Paratext by (1.4k points)
reshown

8 Answers

0 votes
Best answer

Today I was trying to use these codes:

  • \L  Causes all subsequent characters to be output in upper case, until a \E is found.
  • \U  Causes all subsequent characters to be output in lower case, until a \E is found.
  • \E  Terminates a \L or \U sequence.

… but they don’t seem to work. Are they unsupported in RegEx Pal?

If unsupported, how can I change the case of captured groups in my replacement string?

by (1.4k points)

No, these codes are not supported in RegExPal.

You can convert something to uppercase with the following:
^^^\1

But the last thing I saw written was that there is no way in RegExPal to convert to lowercase.

They are not supported in RegExPal.

D anon467281

Global Publishing Services
Scripture Typesetting trainer & Regular Expression "specialist"
Dallas, TX

Sad, that, since our translators erroneously put capitalised suffixes on the capitalised word “LORD”.

Is it possible in the future that PT use a flavour of RegEx that is more comprehensive than the one currently used? It seems a pity to have metacharacters like this unavailable.

It is possible, but very unlikely.

Neither .Net, nor IronPython (what supports Paratext’s regular expressions) have support for \L, \U, \E. It’s unlikely we’re going to switch out our base technology to one that supports it (like Perl).

So is it not a free choice which implementation you use? You’re implying that it’s not straightforward, so I guess it’s not just a case of switching out one library for another, no?

So, is there another way to do what I want? For example, can I say: if you find a letter in [АБВГҒ…], then replace it with [абвгғ…] ?
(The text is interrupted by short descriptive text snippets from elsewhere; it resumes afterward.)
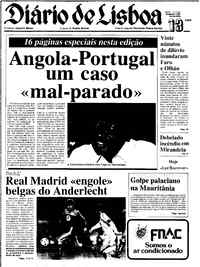 Quinta, 13 de Dezembro de 1984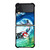 RIP CURL SURFING 3 Samsung Galaxy Z Flip 3 5G Case Cover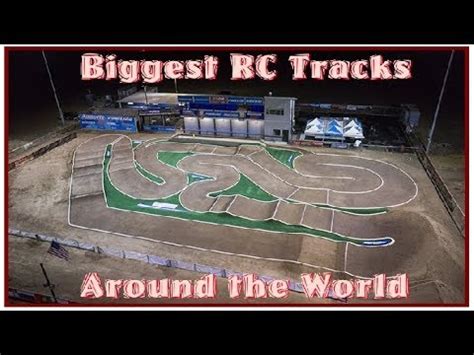 Biggest RC tracks around the world! (Part 1) - YouTube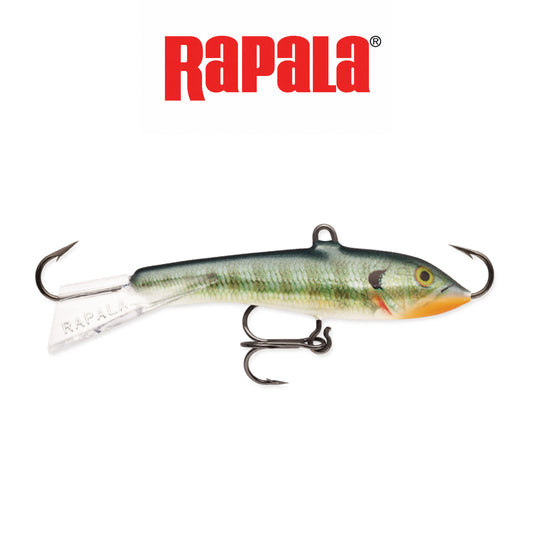 Rapala Jigging Rap W3 Baitfish Ice Fishing Lure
It is switching out the library for another library. However, this is, by no means, a simple thing to do. No two libraries have the exact same API and they will each have their own bugs/idiosyncrasies that will need to be worked around. Our current .Net implementation is used because, well, it’s built-in to .Net and doesn’t require anything new. We could also use Python (which Paratext uses for other things), but it also does not support what is wanted.

Theoretically, we could use a Regex-only library built for .Net that does this this type of replacement, but I haven’t been able to find one (probably because .Net has Regex functionality built-in).
Using Perl would also theoretically work, but there is no good library for .Net to interact with Perl scripts (that I could find in my quick search).

So, at least for now, there is no good way to change Paratext to work the way that’s wanted unless we added in our own parsing into the mix - which would be a lot of work for not much gain.

Unfortunately, I think what you’re left with is creating a regular expression that finds the errors and then having to fix them manually.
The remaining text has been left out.